Neue Lebensräume für den Kranich in Schleswig-Holstein

Brutbestandsentwicklung
Abb. 1: Brutbestandsentwicklung des Kranichs
in Schleswig-Holstein

Dass der Kranich in Norddeutschland heute nicht mehr als eine "vom Aussterben bedrohte Brutvogelart" eingestuft werden muss, ist zu allererst ein Erfolg einer konsequenten nationalen (zunächst in beiden deutschen Staaten) wie später internationalen Naturschutzarbeit für die Brut- und europaweiten Rast- und Überwinterungsgebiete. Die 1991 vom NABU und WWF begründete Projektgemeinschaft "Kranichschutz Deutschland" "überwacht" heute durch eine europaweite Zusammenarbeit von Kranichschützern und Organisationen die Einhaltung und Verbesserung europäischer Schutzstandards (u.a. EU-Vogelschutzrichtlinie). Daran hat auch Schleswig-Holstein mit seinem Kranichbestand am Westrand der Verbreitung einen wichtigen Anteil.

Als der WWF 1972 in enger Zusammenarbeit mit der staatlichen Vogelschutzwarte Schleswig-Holstein das Kranichprojekt begann, wurden nach sorgfältigen Untersuchungen nur noch neun Paare im äußersten Osten unseres Landes festgestellt, deren Bruten zumeinst gestört wurden. Herausforderung genug, dass sich Naturschutzpraktiker, Naturschutzbehörden (deren Etablierung gerade began), Förster und aufgeschlossene Grundeigentümer zu einer Projektgruppe Kranichschutz zusammenfanden. Die Gebiete wurden überwacht und erste Wiedervernässungsmaßnahmen zunächst mit einfachen Mitteln, später auch über Geländeaufkäufe und umfangreiche Feuchtgebietsrenaturierungen umgesetzt. Im Verlauf der über 30-jährigen Projekarbeit stieg der Kranichbestand in Schleswig-Holstein von neun (1972) auf 275 Paare (2007) an (Abb. 1).

Sumpfdotterblumen
Abb. 2: Die Sumpfdotterblume (Caltha palustris) ist eine
Charakterart nasser Erlenbruchwälder

Von der Verbesserung der Lebensräume für die Leitart Kranich profitierten aber auch viele andere Pflanzen- und Tierarten wie z.B. Wasserfeder, Sumpfdotterblumen, Waldwasserläufer, Moorfrösche und diverse ans Wasser gebundene Insektenarten.
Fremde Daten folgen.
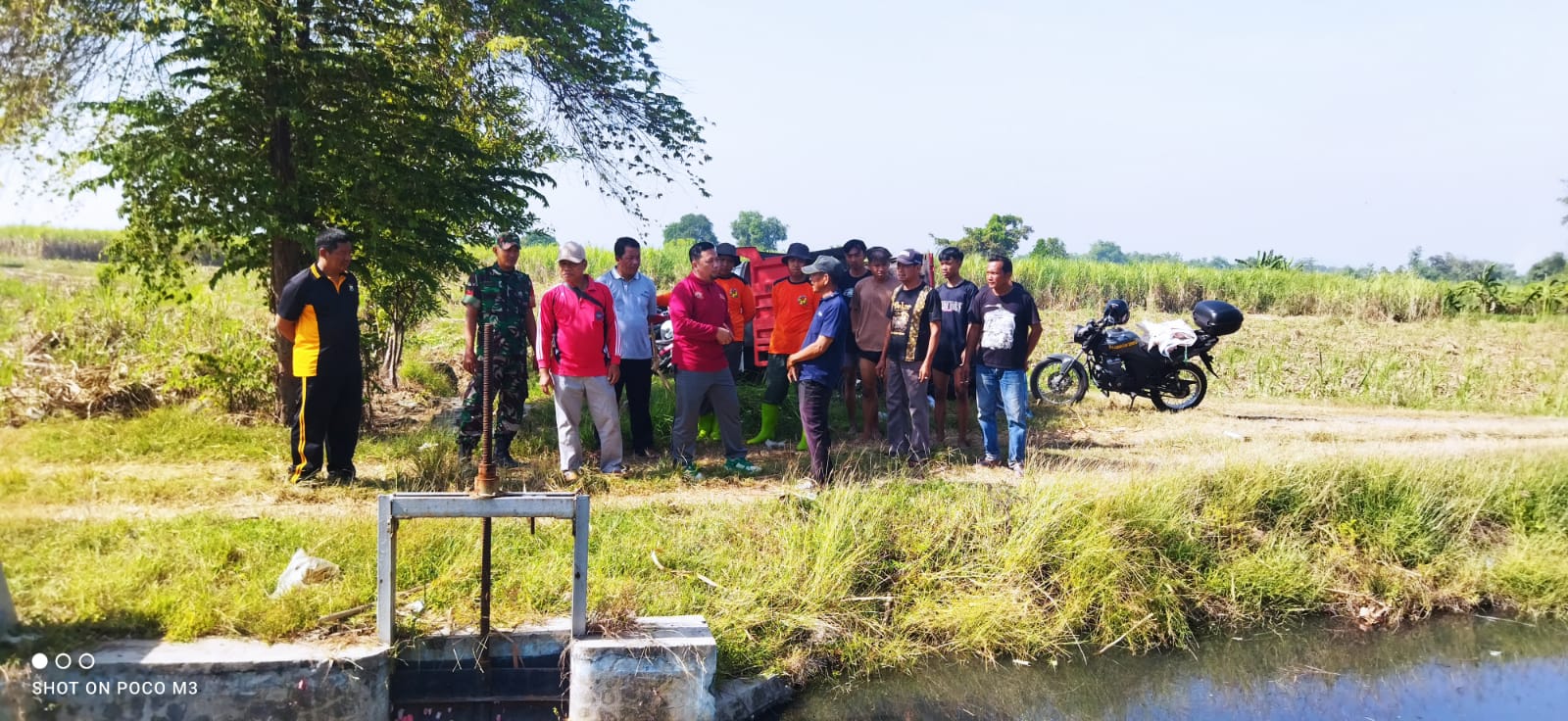 Babinsa bersama warga binaan kerja bakti bersihkan sampah di sungai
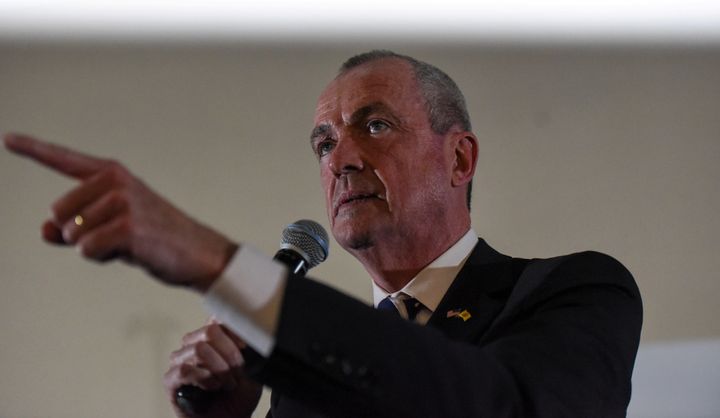 Phil Murphy leads the pack in the New Jersey Democratic primary to replace Gov. Chris Christie.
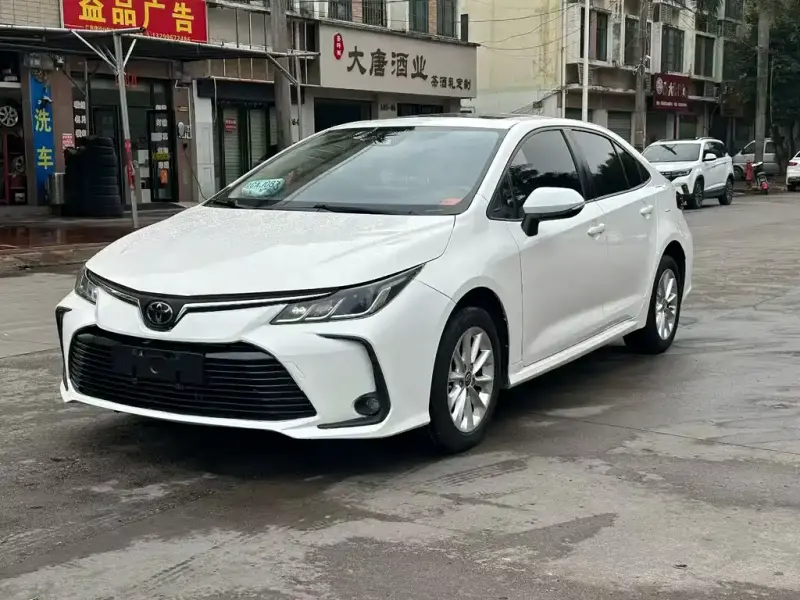 Toyota Corolla, 2021 — фото 1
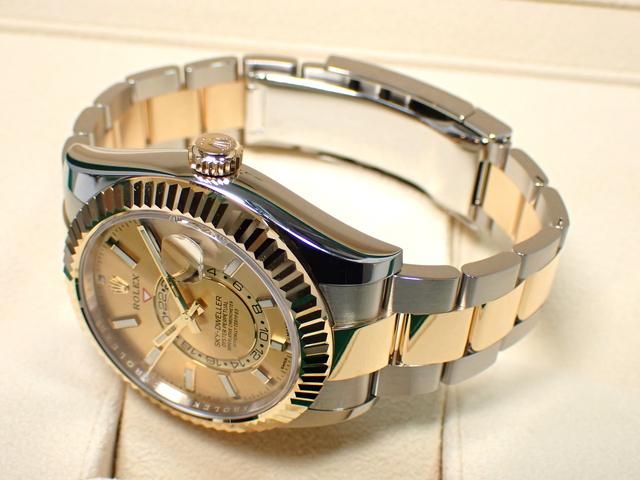ローレックス腕時計ジャンク品‼️値下げ終了‼️158000〜⬇️⬇️⬇️ ロレックス スカイドゥエラー 18KYGコンビ シャンパン 未使用品 Ref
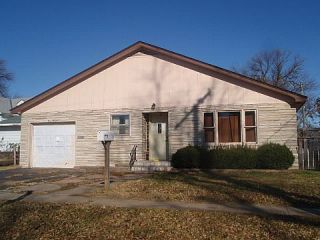 Foreclosed Home - 311 E 2ND ST, 68901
Viele dieser ehemaligen Renturierungsgebiete sind heute als Naturschutzgebiete ausgewiesen (z.B. NSG Hevenbruch, NSG Oldenburger See) und / oder gemeldete NATURA 2000-Gebiete (z.B. SPA Waldgebiete in Lauenburg, SPA Schaalsee-Gebiet).

Mit dem Brutbestandsanstieg entwickelten sich in geeigneten, ganzjährigen mit Flachwassern versehenen Feuchtgebieten mit bis 1.000 Exemplaren (z.B. NSG Oldenburger See), die aufgesucht werden, bevor der Abzug der Vögel Ende Oktober, Anfang November in die französischen und spanischen Überwinterungsquatiere beginnt.
In milden Wintern verbleiben aber auch Einzelpaare oder kleine Gruppen im Lande.

Der bisherige Brutbestandsanstieg des Kranichs erfolgte überwiegend im östlichen und mittleren Schleswig-Holstein, da hier vielfältige Bruchwälder z.T. auf engem Raum renaturiert werden konnten und der vergleichsweise gute Bruterfolg weitere Neuansiedelungen begünstigte. Über die Populationsreserven besteht nun eine Chance, dass bei ausreichenden Feuchtgebietsrenaturierungen diese eindrucksvolle Vogelart wieder in ganz Schleswig-Holstein heimisch wird.